Selective laser melting (SLM) technology is an important development in manufacturing. AlSi10Mg is the most widely used aluminum alloy material in the field of SLM. Numerous service properties of the material have been proven to be effectively improved by the T6 (solution + aging) heat treatment, but the effect of T6 heat treatment on the wear behavior of SLM-AlSi10Mg remains unclear. In this study, the dry sliding wear behaviors of stress relieved (SR) and SR+T6 treated SLM-AlSi10Mg at 6, 9, 12 and 15 N were comparatively researched. The results indicated that the microstructure of AlSi precipitates was most affected by the T6 treatment. The volume fraction and average size of the AlSi precipitates increased from 11.4% and 1.28 ± 0.02 μm in the SR treated SLM-AlSi10Mg to 15.5% and 2.13±0.06 μm in the SR+T6 treated SLM-AlSi10Mg, respectively, but its density decreased from 0.084 per square micron of SR treated SLM-AlSi10Mg to 0.040 per square micron of SR+T6 treatedSLM-AlSi10Mg. The weakening of the diffusion strengthening and solid solution strengthening effects reduced the hardness from 104.5HV of SR treated SLM-AlSi10Mg to 86.6HV of SR+T6 treated SLM-AlSi10Mg.

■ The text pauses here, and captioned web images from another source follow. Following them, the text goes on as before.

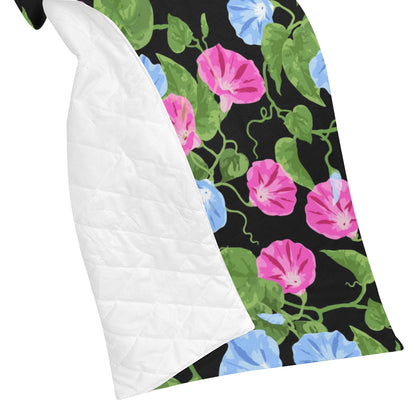 Morning Glory Pattern Print Design MG04 Premium Quilt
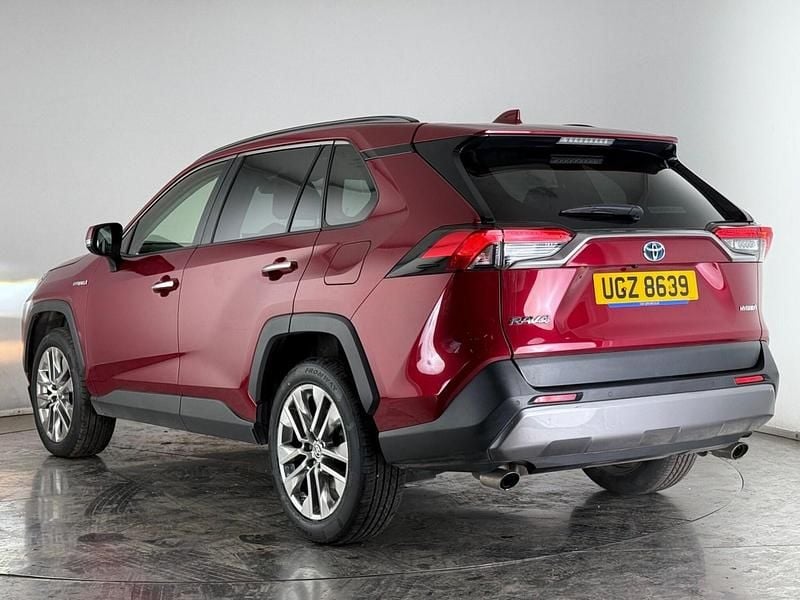 Used Toyota RAV4 Hybrid 2021 Red SUV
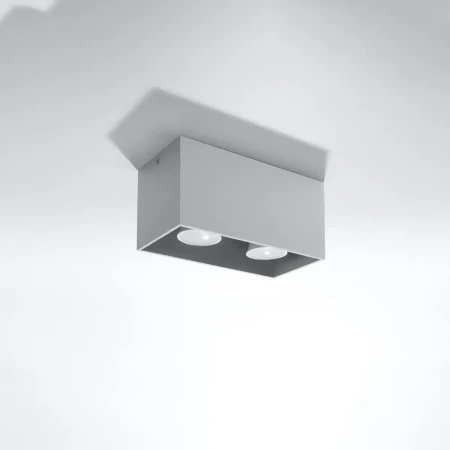 Plafon QUAD MAXI szary SL.0382 - Sollux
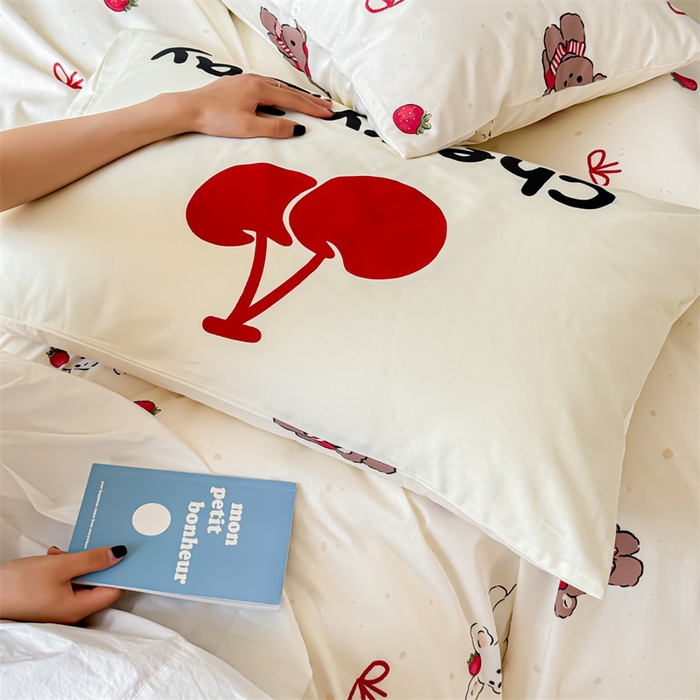 91家纺网 家纺一手货源 找家纺 （总）窝米 2024新款全棉13370超现实主义经典卡通系列四件套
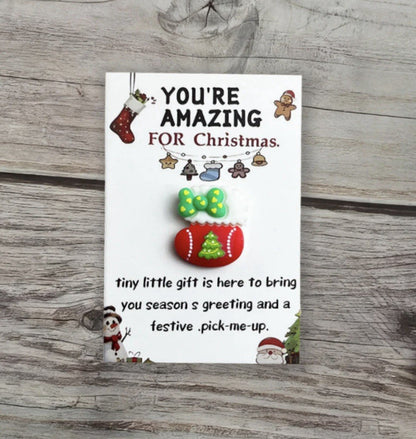 Christmas Gift Pocket Hug Your Amazing Santa Reindeer In Card Gift Secret Santa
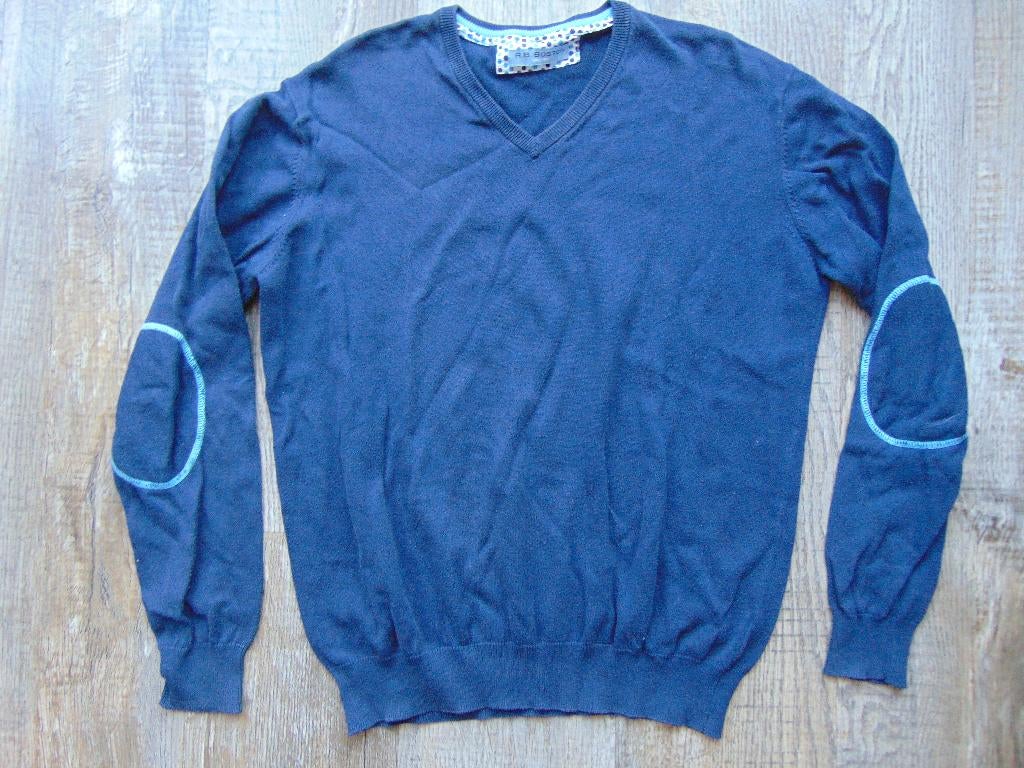 R.B. Boston pullover trui donker blauw maat S truitje, Blauw, Ophalen of Verzenden, Zo goed als nieuw, R.B. Boston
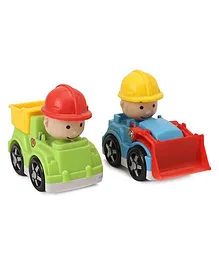 Smiles Creation Friction Construction Toy Set of 2 - Green Blue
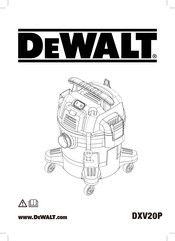 DeWalt DXV20P Vertaling Van De Originele Handleiding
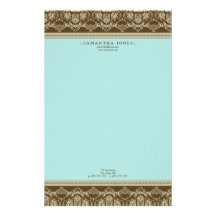Papeterie baroque de concepteur de damassé : : aqu papier à lettre personnalisable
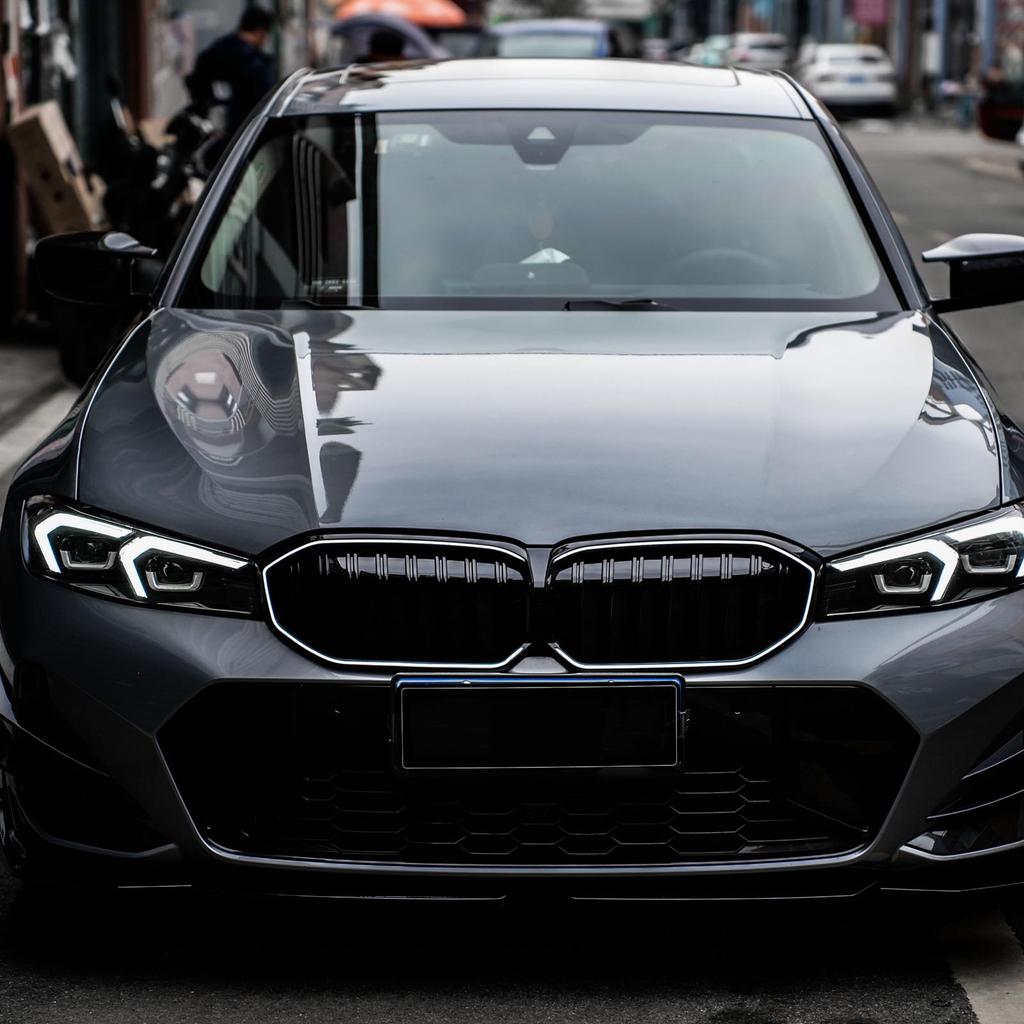 Gloss Black Front Kidney Grille Mesh Fit BMW 3 Series G20 G28 2023-2024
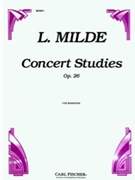 Concert Studies Opus 26 V 1 by Milde Ludvig for Bassoon Method (Vol 1)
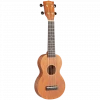 Mahalo MK1BATBR Kahiko Batik Series Soprano Brown With Bag Ukulele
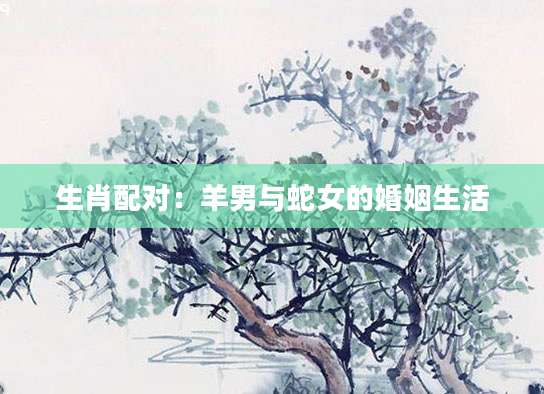 生肖配对：羊男与蛇女的婚姻生活
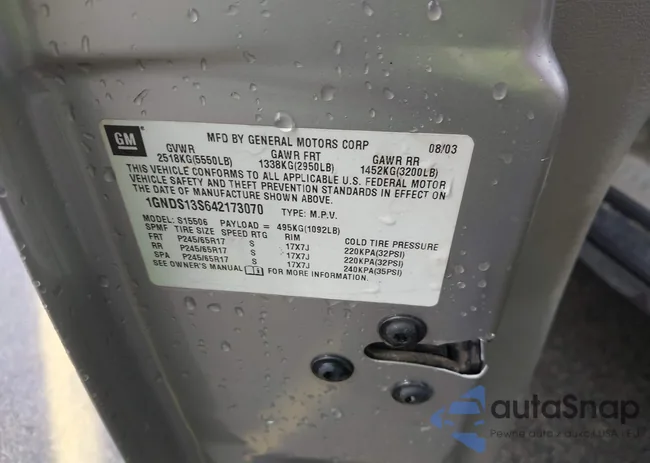 1GNDS13S642173070: 42467924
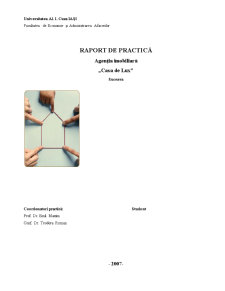 Raport de practică agenția imobiliară - Casă de Lux - Pagina 1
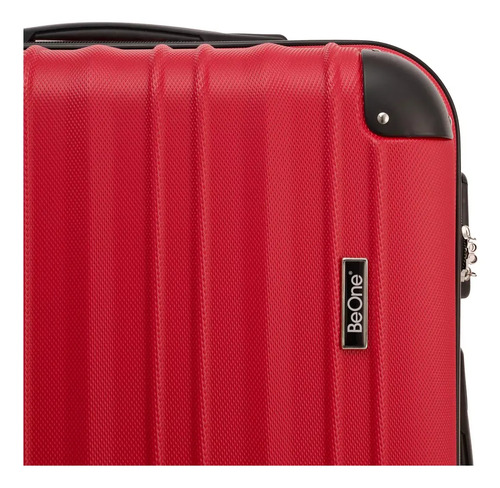 Valija Rígida Be One 28'' Grande Rigida 4 Ruedas C/candado Rojo Liso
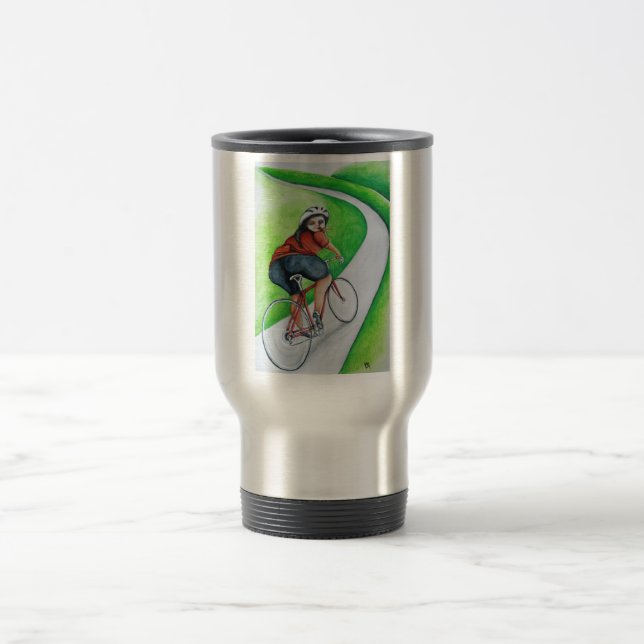 Cyclist - Kiss Goodbye Travel Mug (Center)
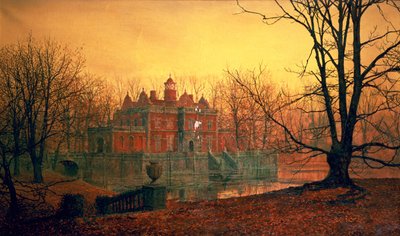 Perili ev by John Atkinson Grimshaw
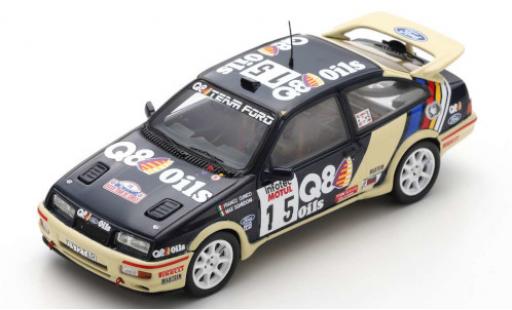 Modelauto Ford Sierra Cosworth RS No.15 Q8 Rally WM Tour de Corse 1989 G.Cunico/M.Sghedoni 1/43 Spark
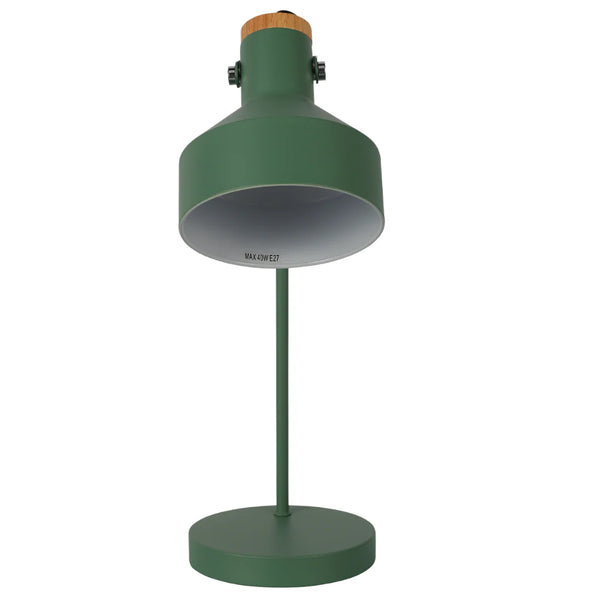 Modern Desk Lamp with Wooden Accent
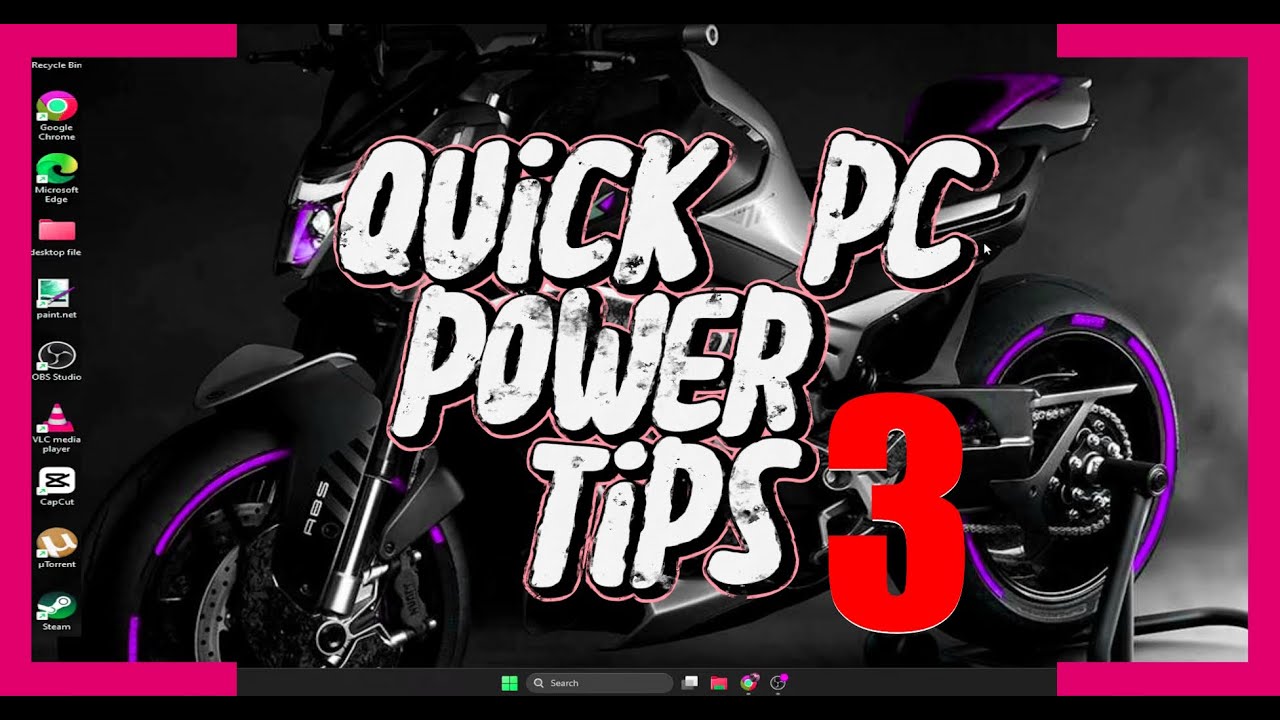 Quick PC Tips Ep3: Make Windows PC FASTER 2024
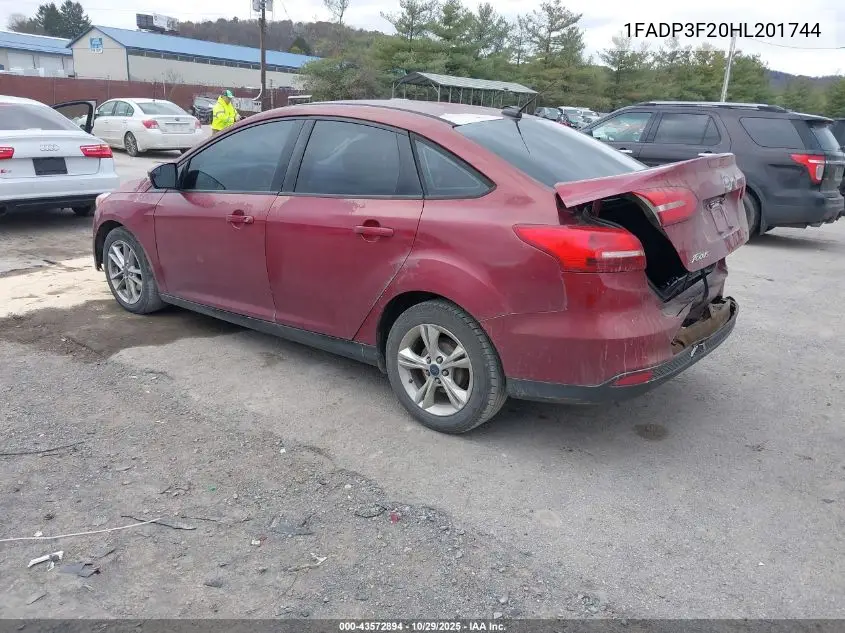 1FADP3F20HL201744 2017 Ford Focus Se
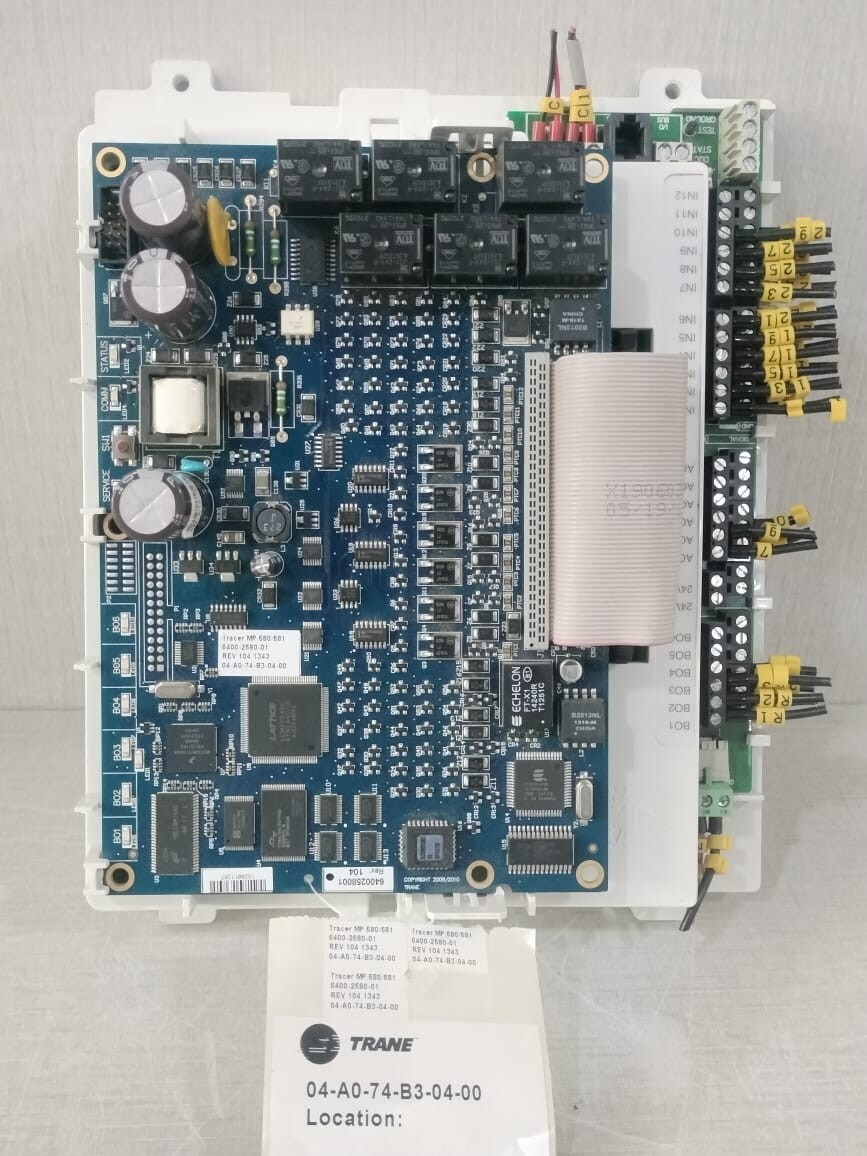 TRANE 6400-2580-01 REV 104 1343 & TRANE 50100886 REV G CIRCUIT BOARD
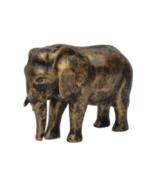 Sculpture en résine Éléphant Bronze - 30cm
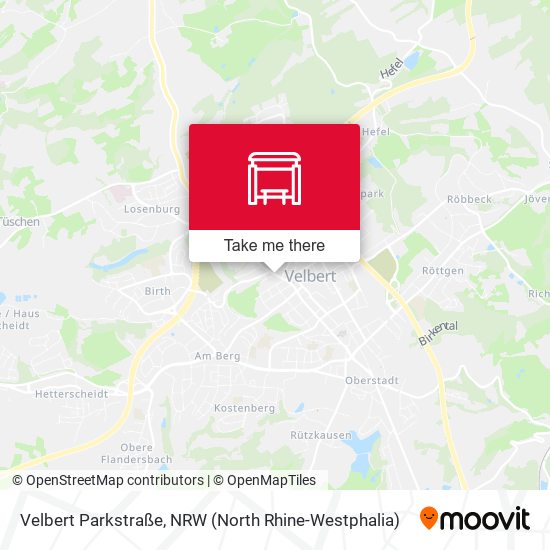 Velbert Parkstraße map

The wear resistance of the SR+T6 treated SLM-AlSi10Mg was significantly higher than that of the SR treated SLM-AlSi10Mg at different loading, but with different influencing mechanisms. The increase in loading exacerbated the initiation and propagation of fatigue cracks in the worn subsurface, resulting in a transformation of the main wear mechanism from the micro-cutting (loading of 6 N) to the fatigue spalling (loading of 9, 12 and 15 N). Under the condition of low loading (6 N), the wear resistance of the SR+T6 treated SLM-AlSi10Mg was improved by about 40% compared to the SR treated SLM-AlSi10Mg for the increasing size of AlSi phase. Under the condition of high loading (9, 12 and 15N), the diffusely distributed AlSi precipitates accelerated the formation of the tribology transformed structure (TTS) composed of nano-grains, which in turn aggravated the formation of fatigue crack. As a result, the reduction of AlSi phase density improved the wear resistance of the SR+T6 treated SLM-AlSi10Mg by about 30%~35% compared with the SR treated SLM-AlSi10Mg.